Activity
With pictures left out, set down exactly the lines that begin at the one containing "92.5 Silver Plated" and end with the last line of the entries below.

Source data
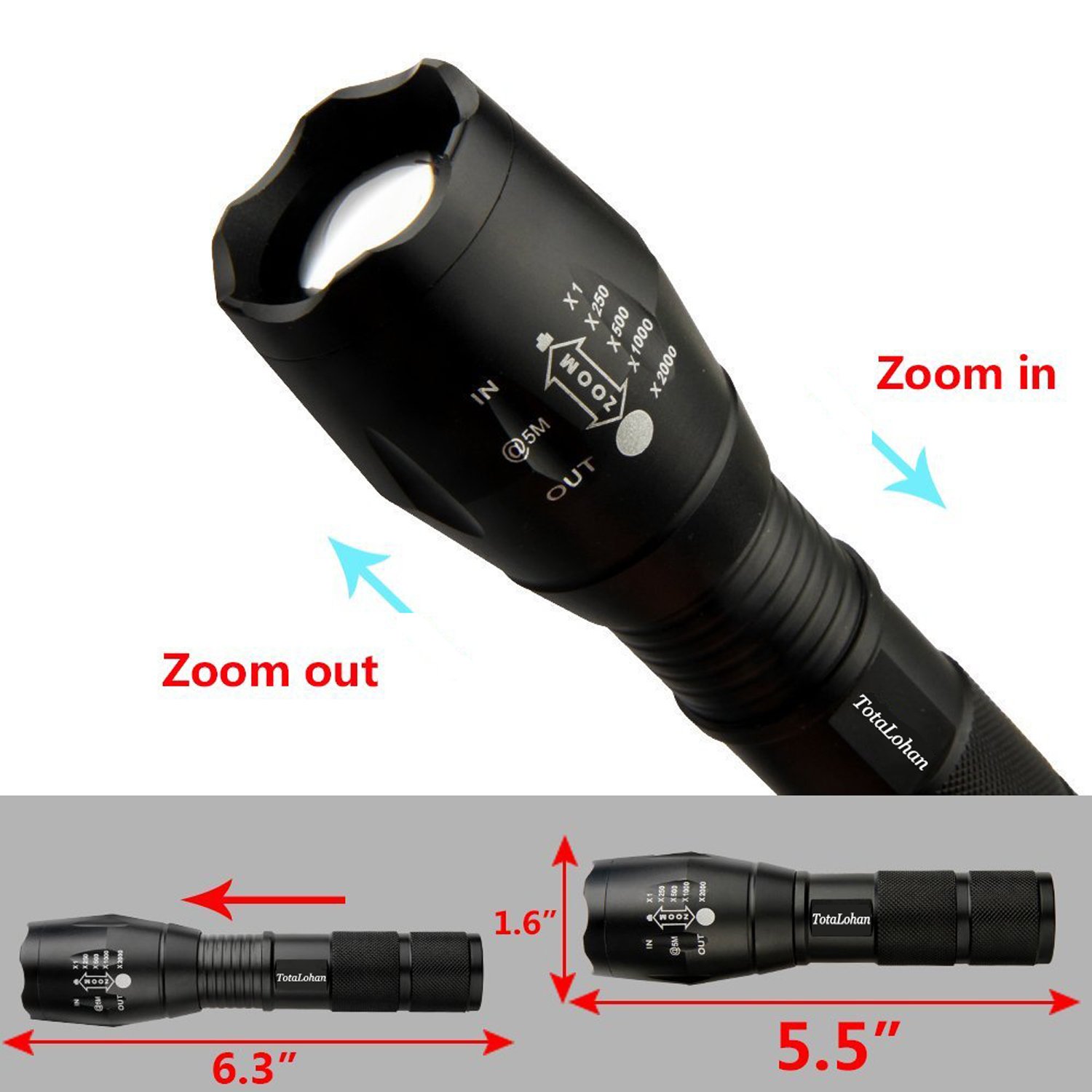 TotaLohan TC1200 Military Grade 2000 Lumen 5 Mode LED Tactical Flashlight Torch for Hurricane Camping Biking Hiking Home Emergency,2 Pack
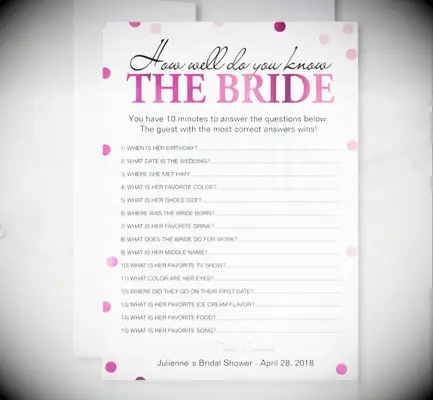 Tout ce dont vous avez besoin pour jouer «dans quelle mesure connaissez-vous la mariée?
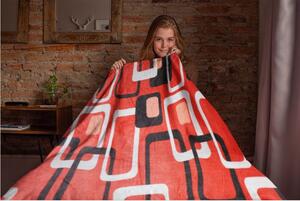 Top textil Deka mikroflanel červená kostka 150x200 cm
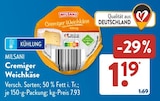 Cremiger Weichkäse von Milsani im aktuellen ALDI SÜD Prospekt für 1,19 €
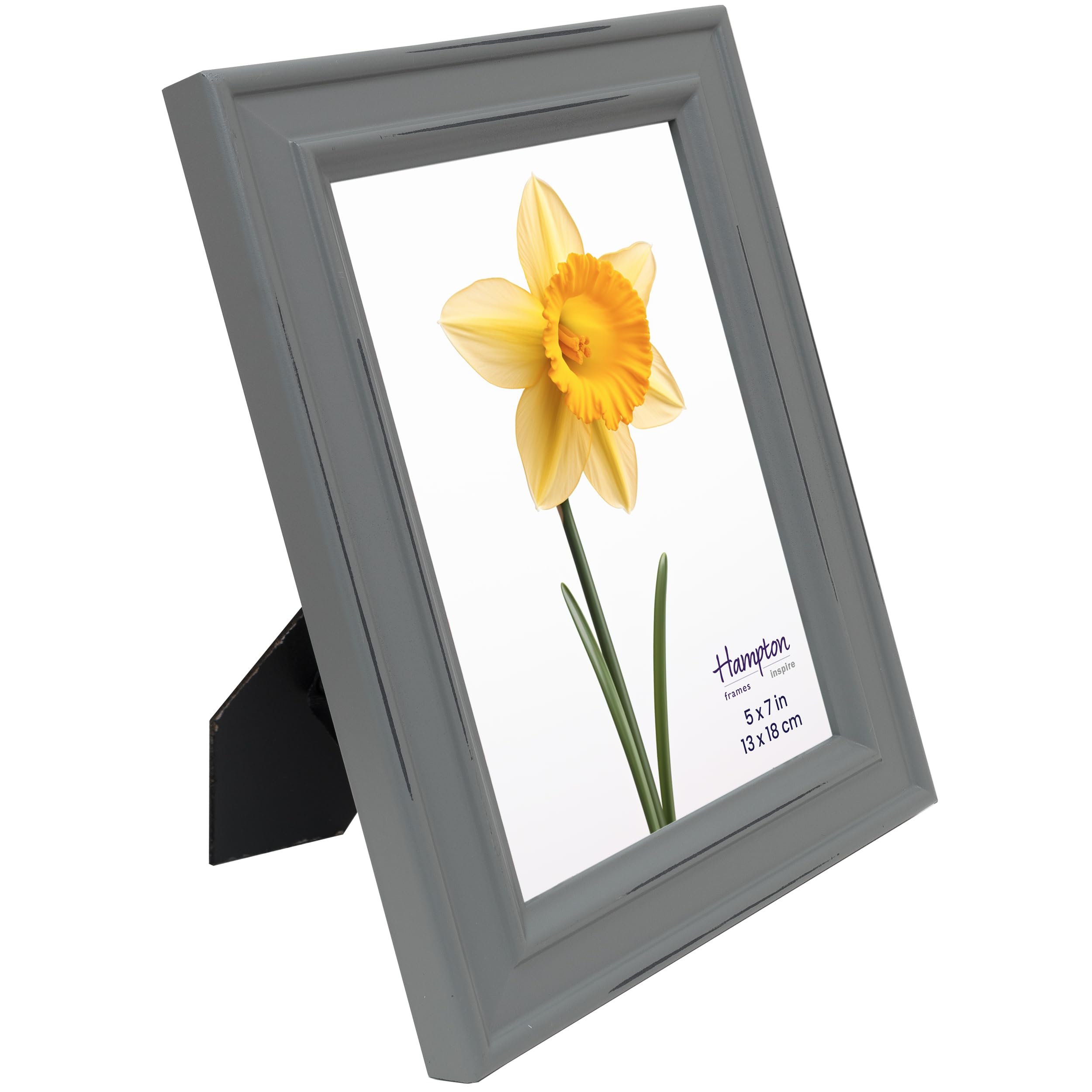 Hampton Frames | Cornice portafoto Paloma | 15x20 cm, bianco, legno effetto shabby chic | retro nero con clip girevoli, da parete o tavolo | stile elegante per foto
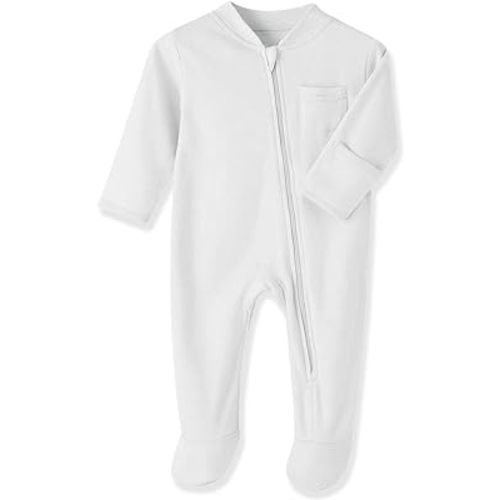 Eleven's Kingdom Baby Kids Sleep and Play,Baby Cotton Pajamas with Mitten Cuffs, 2 Way Zipper Footed Sleeper 0-12 Month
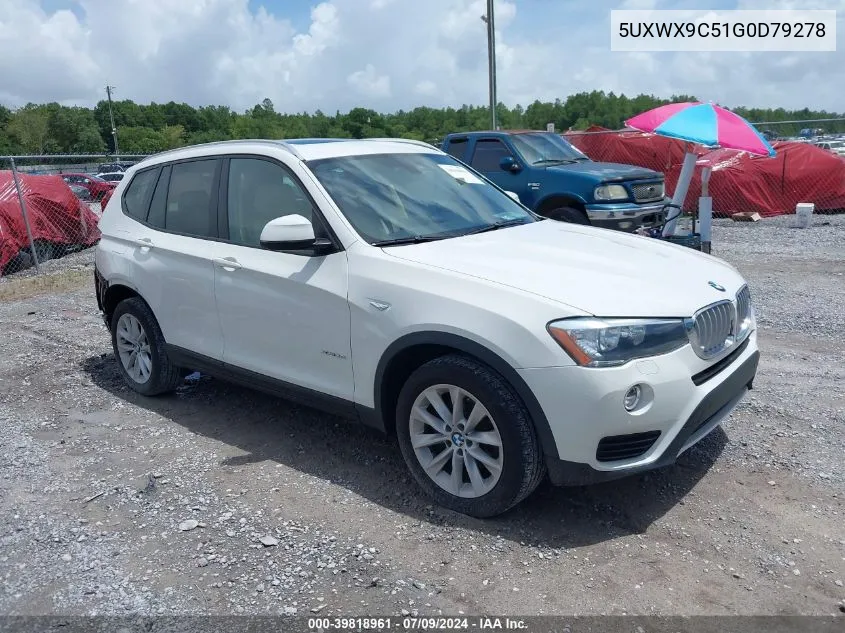 2016 BMW X3 xDrive28I VIN: 5UXWX9C51G0D79278 Lot: 39818961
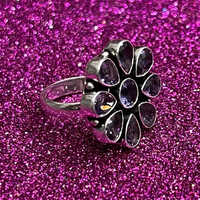 92.5 Silver Plated Amethyst Quartz Ring - Design: Modern
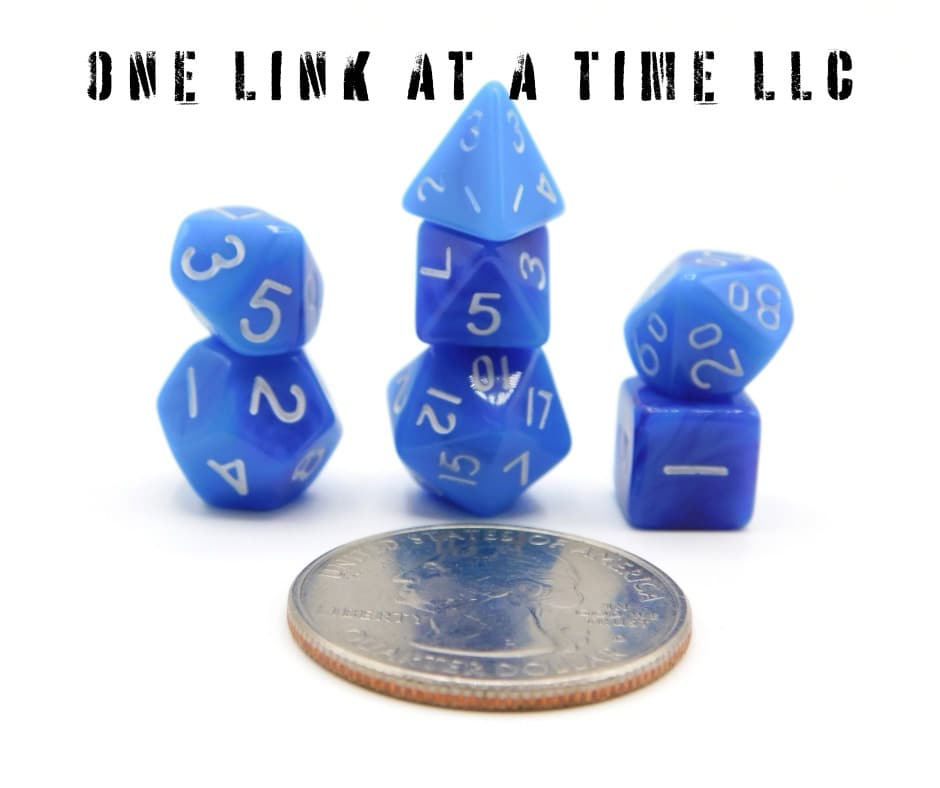 BLUE SWIRL 7PC ACRYLIC MINI DICE SET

Exercise solution
 92.5 Silver Plated Amethyst Quartz Ring - Design: Modern
 BLUE SWIRL 7PC ACRYLIC MINI DICE SET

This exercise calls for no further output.